*** Records supplied ***

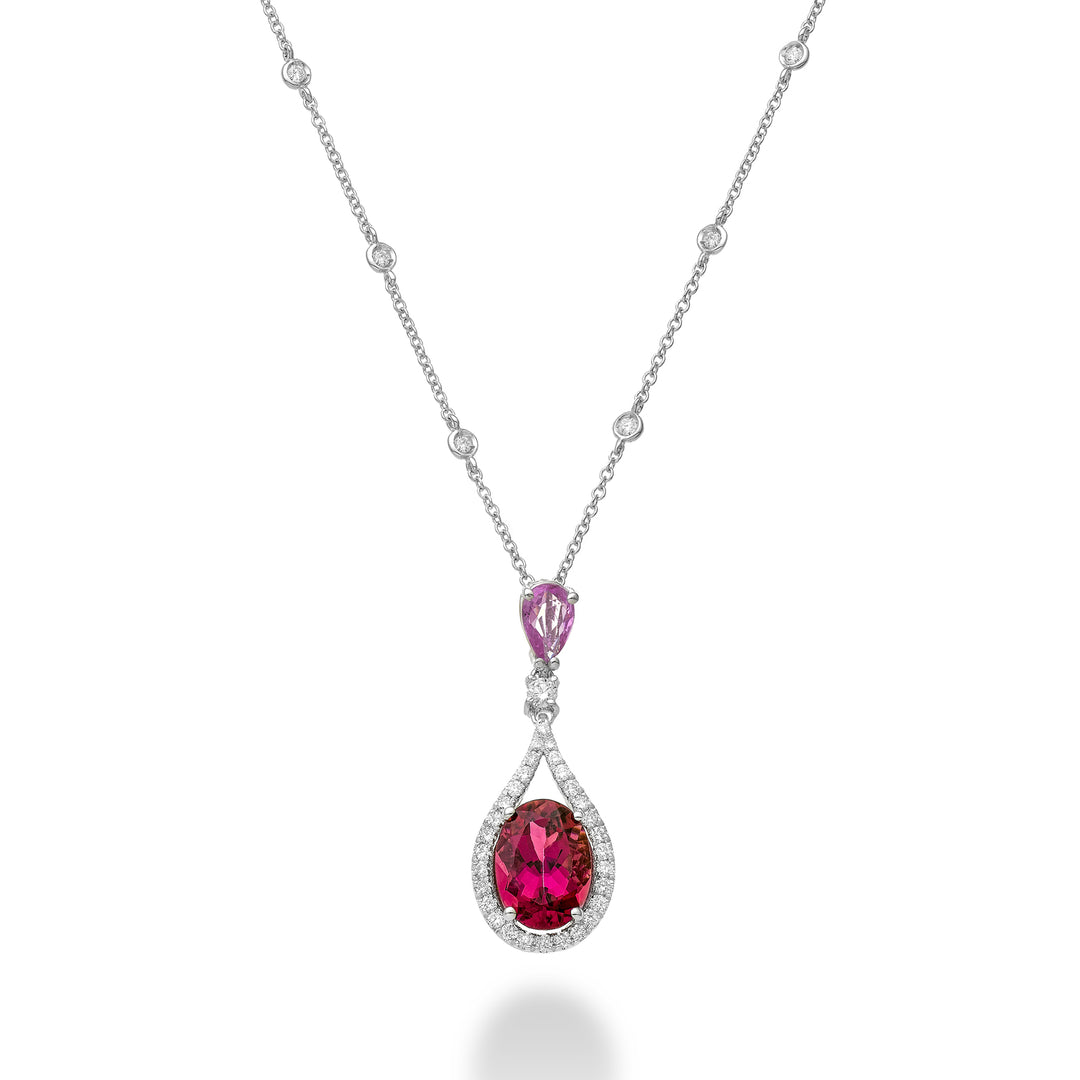 Golay oval turmalin halskæde 10x8 zprc drop 6x4 +diam PCLC149DZPTO810-24180110010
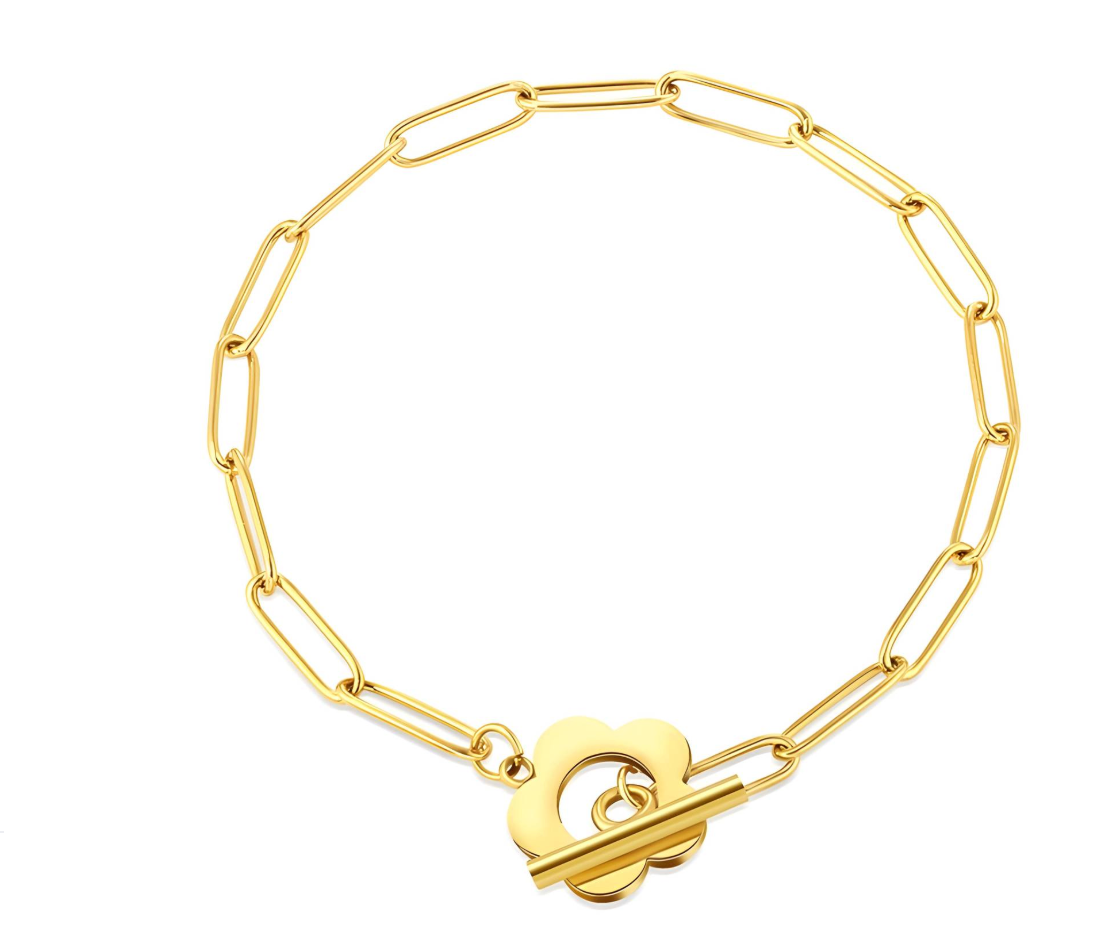 Goudkleurige armband met een bloemvormige sluiting en langwerpige schakels.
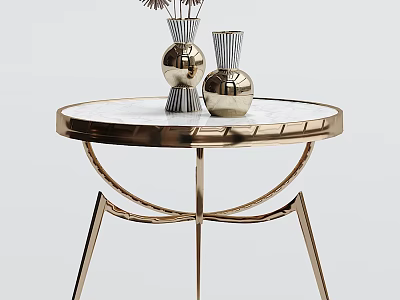 Elegant Modern Round Coffee Table With Marble Top Gold Metal Frame And Decorative Vases 3d model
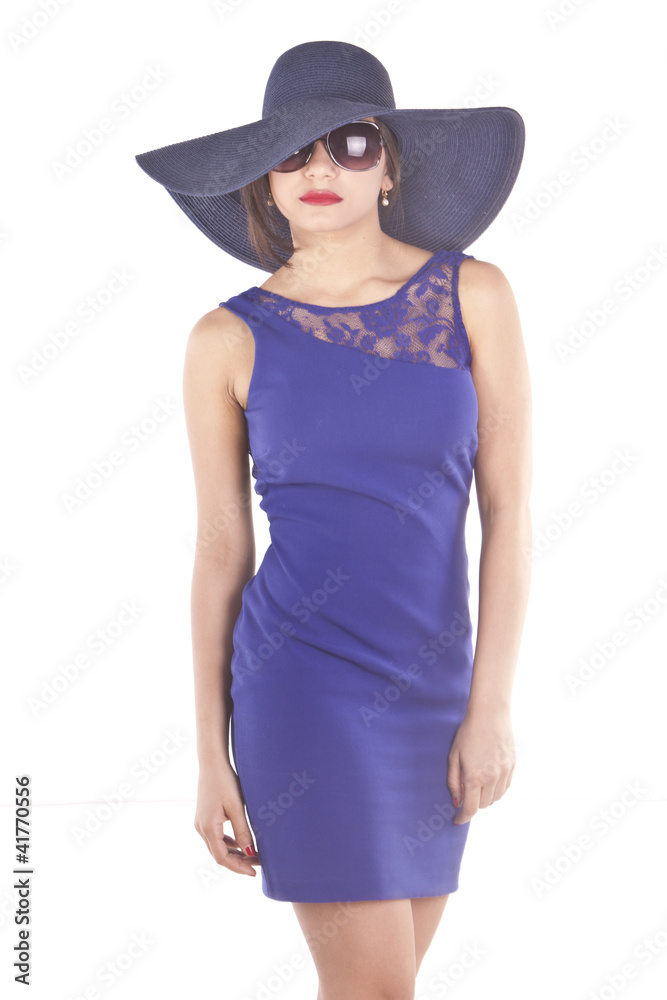 beautiful latina model in a blue dress beautiful latina model in a blue dress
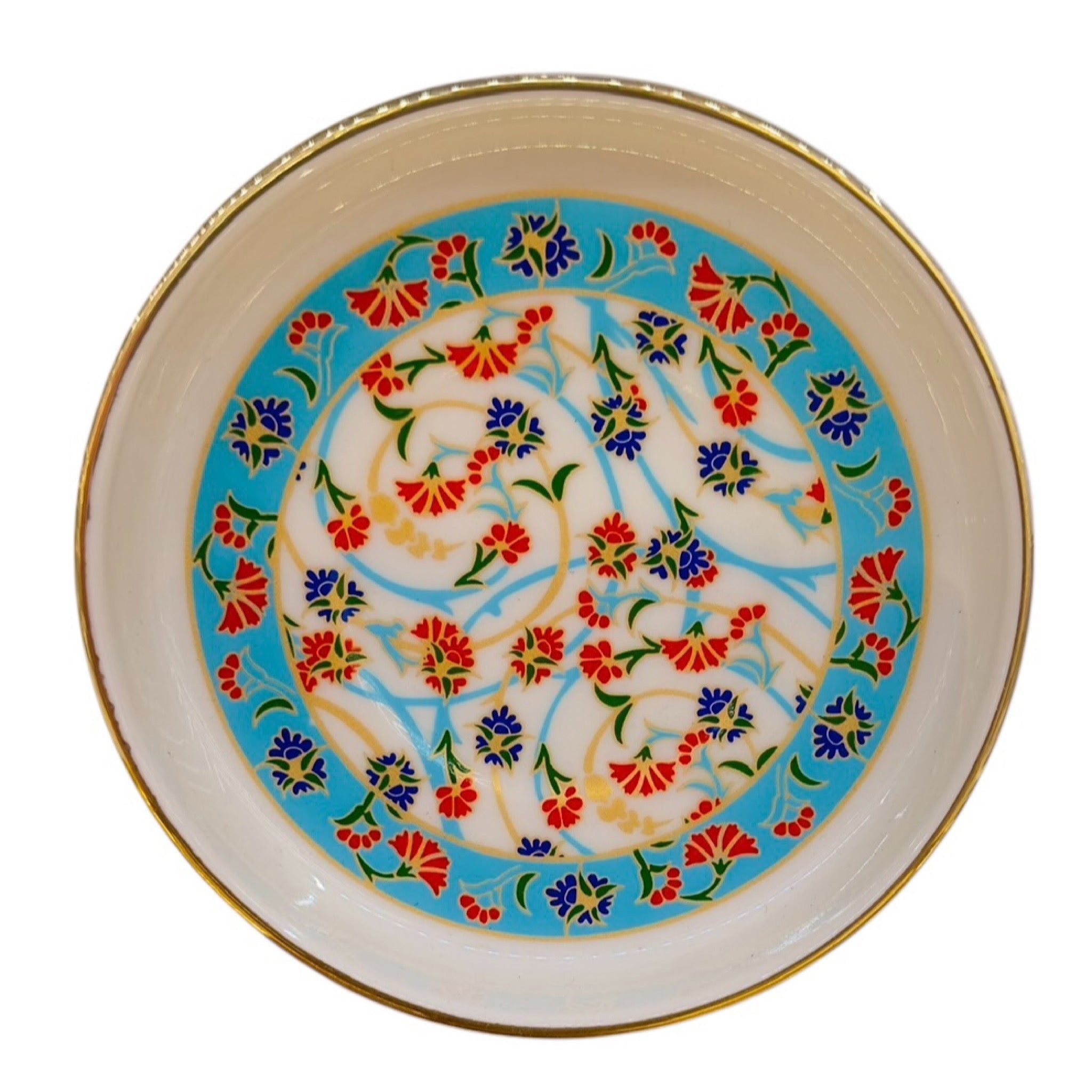 6 Kişilik Ela Sarmaşık Desenli Porselen Çay Seti – Altın Yaldızlı Şık Tasarım | Luxury Turkish Tea Set - Bardak | DUKKANI ISTANBUL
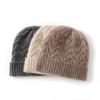Cashmere Autumn and Winter New Style Women's High End Solid Color Knitted Warm and Cold Proof Fashionable Twisted Cuff Casual Hat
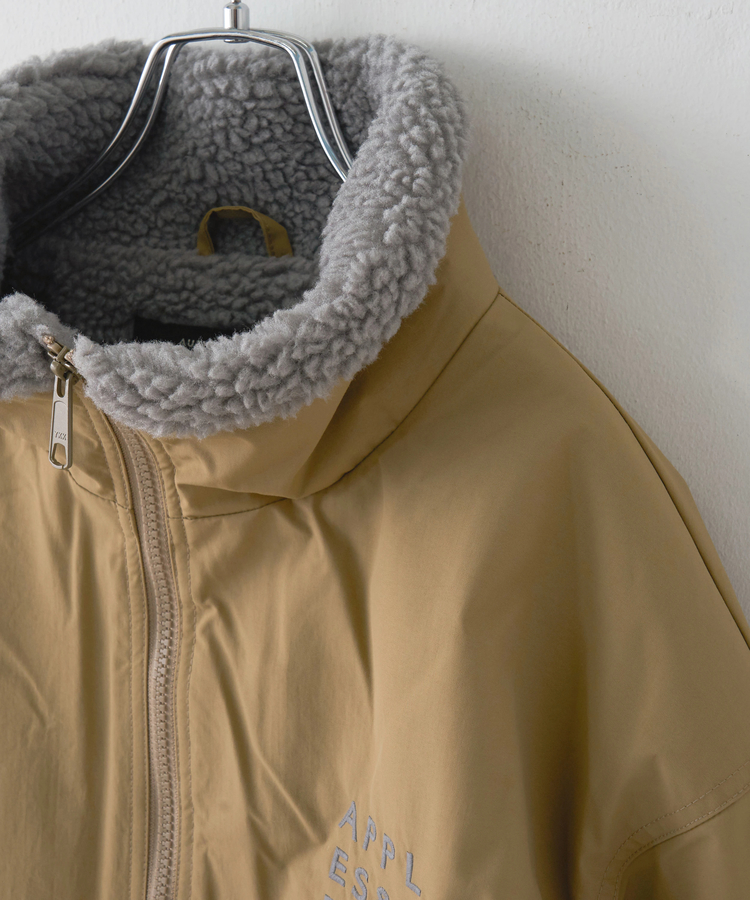 CUBE SUGAR(キューブシュガー) |【秋冬新作】ナイロン × 裏ボア スタンドカラー ジップアップ ジャケット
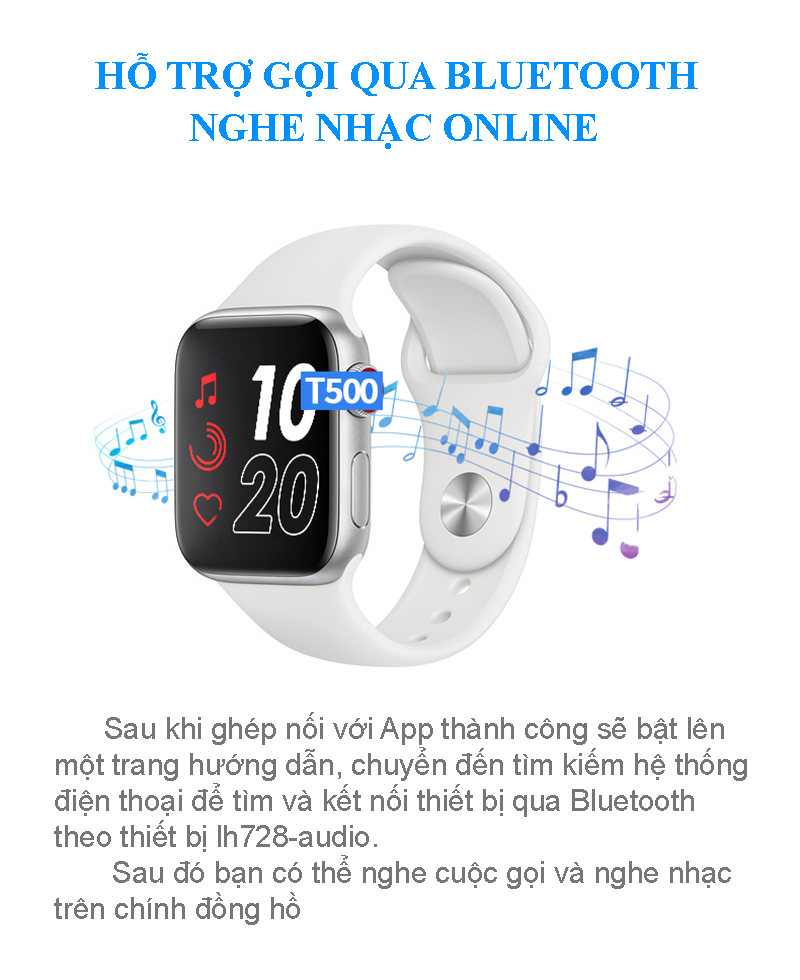 Đồng hồ thông minh chống nước - SMART WATCH T500 Seri 5 - Kết nối bluetooth - Nghe gọi Zalo Thiết kế thời thượng hiện đại Full box - Hàng chính hãng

*** End of Records supplied ***

| Work required |
Nothing but the lines from the one containing "6 Kişilik Ela" through the end of the entries is to be retyped, exactly as written and without pictures.

| Task result |
 6 Kişilik Ela Sarmaşık Desenli Porselen Çay Seti – Altın Yaldızlı Şık Tasarım | Luxury Turkish Tea Set - Bardak | DUKKANI ISTANBUL
Cashmere Autumn and Winter New Style Women's High End Solid Color Knitted Warm and Cold Proof Fashionable Twisted Cuff Casual Hat
 CUBE SUGAR(キューブシュガー) |【秋冬新作】ナイロン × 裏ボア スタンドカラー ジップアップ ジャケット
 Đồng hồ thông minh chống nước - SMART WATCH T500 Seri 5 - Kết nối bluetooth - Nghe gọi Zalo Thiết kế thời thượng hiện đại Full box - Hàng chính hãng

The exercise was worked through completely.